An Illinois woman had charges against her thrown out on Monday after a judge ruled the state’s gun ownership permit fees violated the Second Amendment.
Vivian Claudine Brown no longer faces criminal prosecution for having a gun inside her home without a Firearm Owner’s Identification (FOID) card. Illinois Circuit Court Judge T. Scott Webb found the $10 fee required to obtain a FOID card was an unconstitutional restriction on Brown’s right to own a gun.
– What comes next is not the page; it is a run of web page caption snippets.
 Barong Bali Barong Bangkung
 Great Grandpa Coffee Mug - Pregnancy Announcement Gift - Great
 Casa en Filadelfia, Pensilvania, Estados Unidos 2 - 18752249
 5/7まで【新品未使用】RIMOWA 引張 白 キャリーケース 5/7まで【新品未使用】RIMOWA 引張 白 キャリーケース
He ordered the charges be dropped and said it was impossible to square charging a fee for the permit with Second Amendment protections.
“It simply cannot be the case that a citizen must pay a fee in order to exercise a core individual Second Amendment right within their own home,” Webb wrote in the ruling. “If the right to bear arms and self-defense are truly core rights, there should be no burden on the citizenry to enjoy those rights, especially within the confines and privacy of their own homes.”
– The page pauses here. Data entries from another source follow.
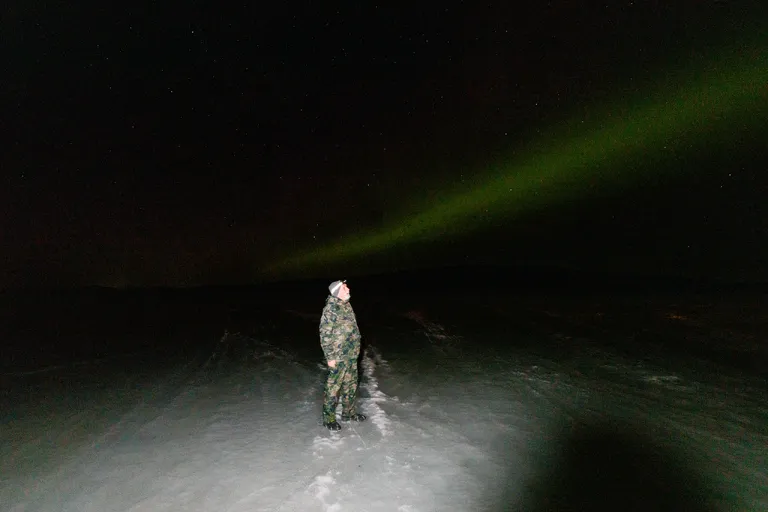 Pasvik, Norwegen – Reisefoto vom 22. März 2026, Aufnahme 6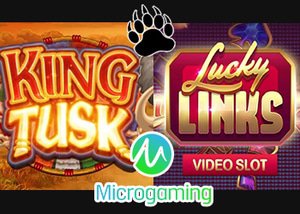 new microgaming slots at casinos november 2017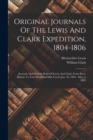 Image for Original Journals Of The Lewis And Clark Expedition, 1804-1806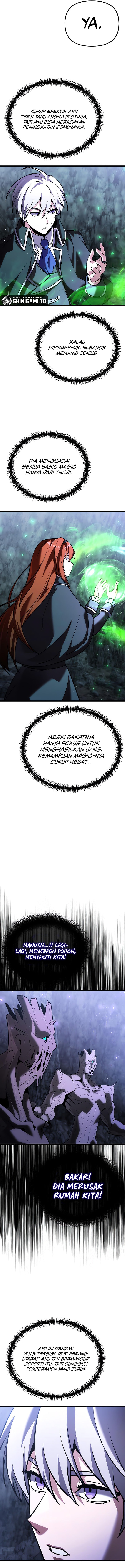 Terminally-Ill Genius Dark Knight - Chapter 134 15
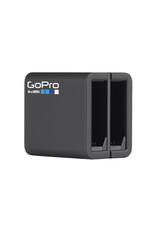 Gopro Dual Battery Charger For Hero4 [Ahbbp-401]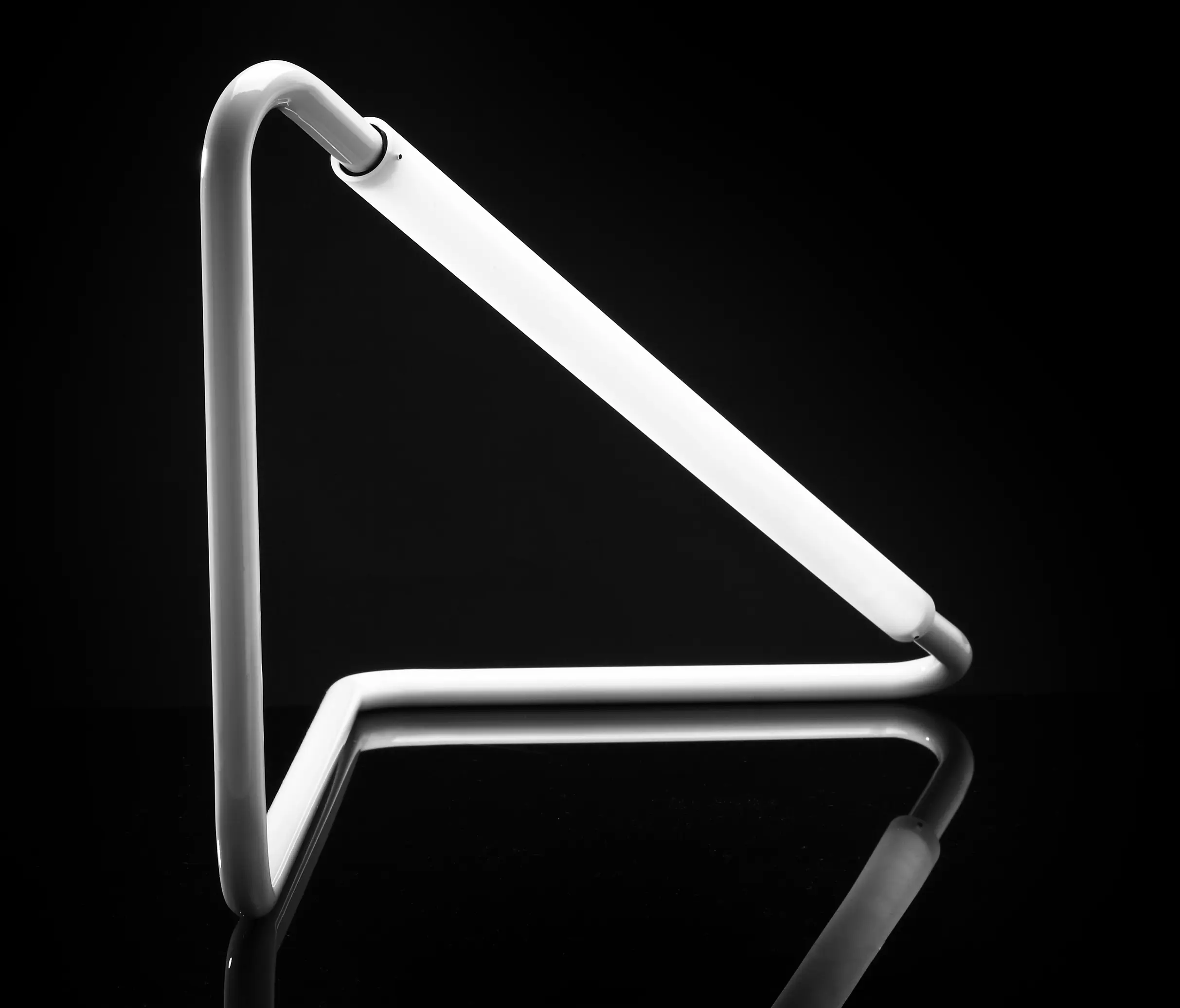 Naama Hofman Light Objects - Light Object 001 - LED light, white finish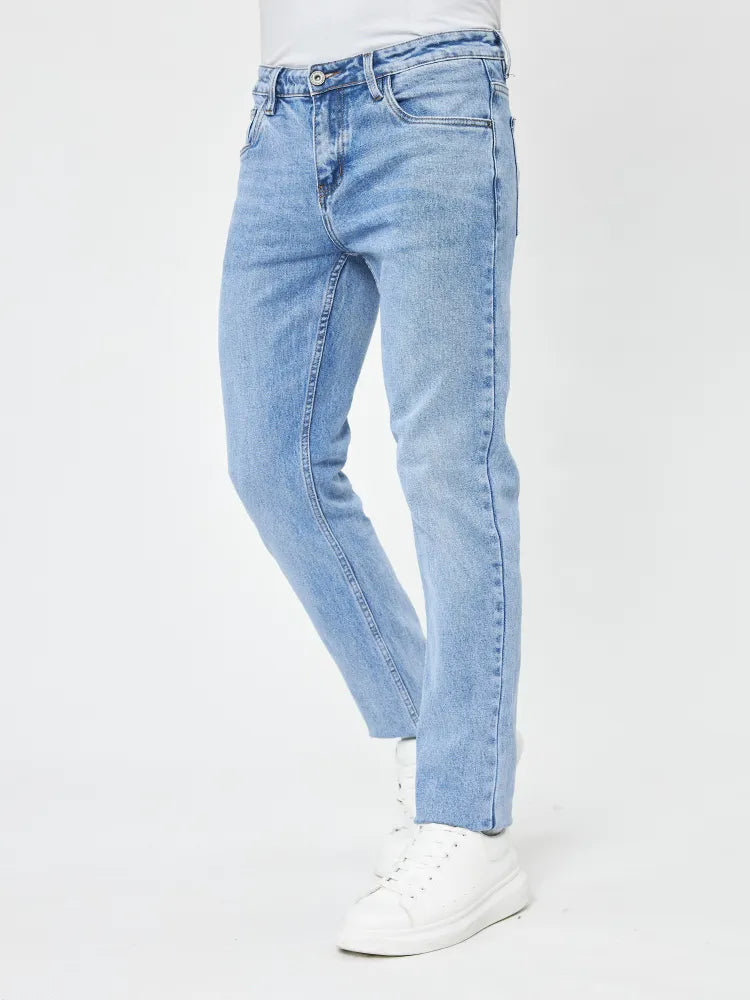 Stilfulde Denim Jeans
The ruling casts doubt on the validity of Illinois’s gun ownership permitting scheme and will likely require the state’s statute to be repealed or reformed unless the state wins files and wins an appeal.
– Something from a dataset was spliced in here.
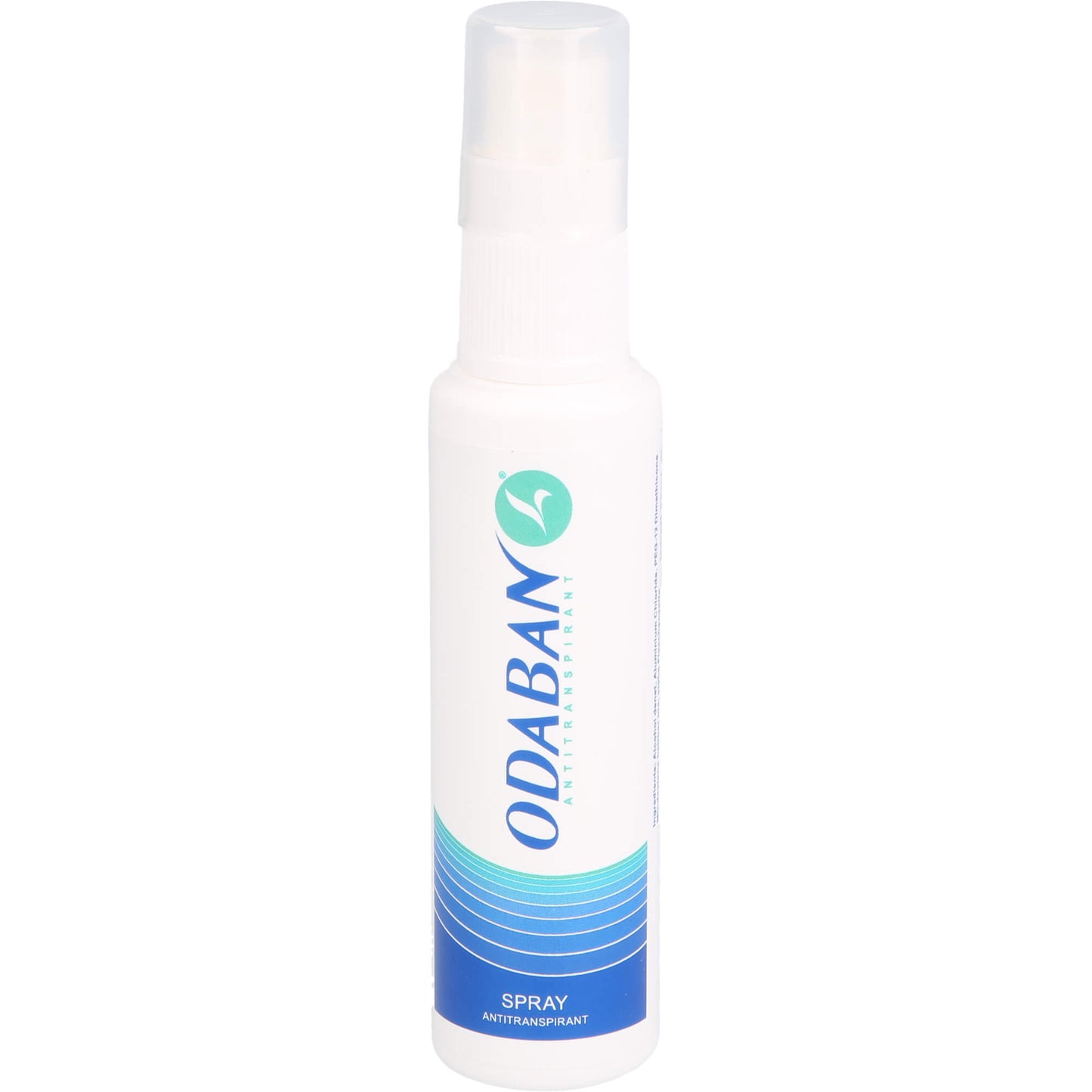 ODABAN Antitranspirant Deodorant Spray 30 ml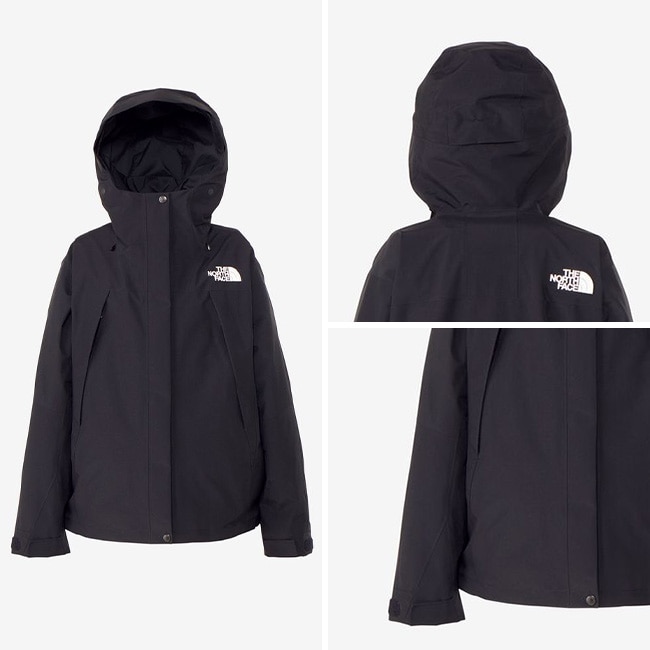 THE NORTH FACE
The Second Amendment Foundation, which joined Brown in her suit, cheered the ruling. Alan Gottlieb, the group’s founder, said the case wouldn’t eliminate the FOID card system, but it will have an immediate impact on how the law is enforced.
“It’s a chilling effect on the state to be able to charge anybody with a crime for having a gun in their own home without a foid card,” he told The Reload. “At this point, the state would be hard-pressed to be able to do that.”
Webb’s ruling comes after a similar ruling was appealed to the state’s supreme court and then remanded to be tried again.
“This is the second time the judges ruled in our favor,” Gottlieb said. “And this judge was even stronger than the first judge.”
He said the ruling is a “breakthrough” because it is the first case to determine the government charging fees for the ability to have a gun within your own home is unconstitutional. He said that could have an impact beyond Illinois.
“This has significant ramifications to other suits that we could be filing in other places,” Gottlieb said. “There are lots of places that charge all kinds of money to be able to get a permit to own a gun.”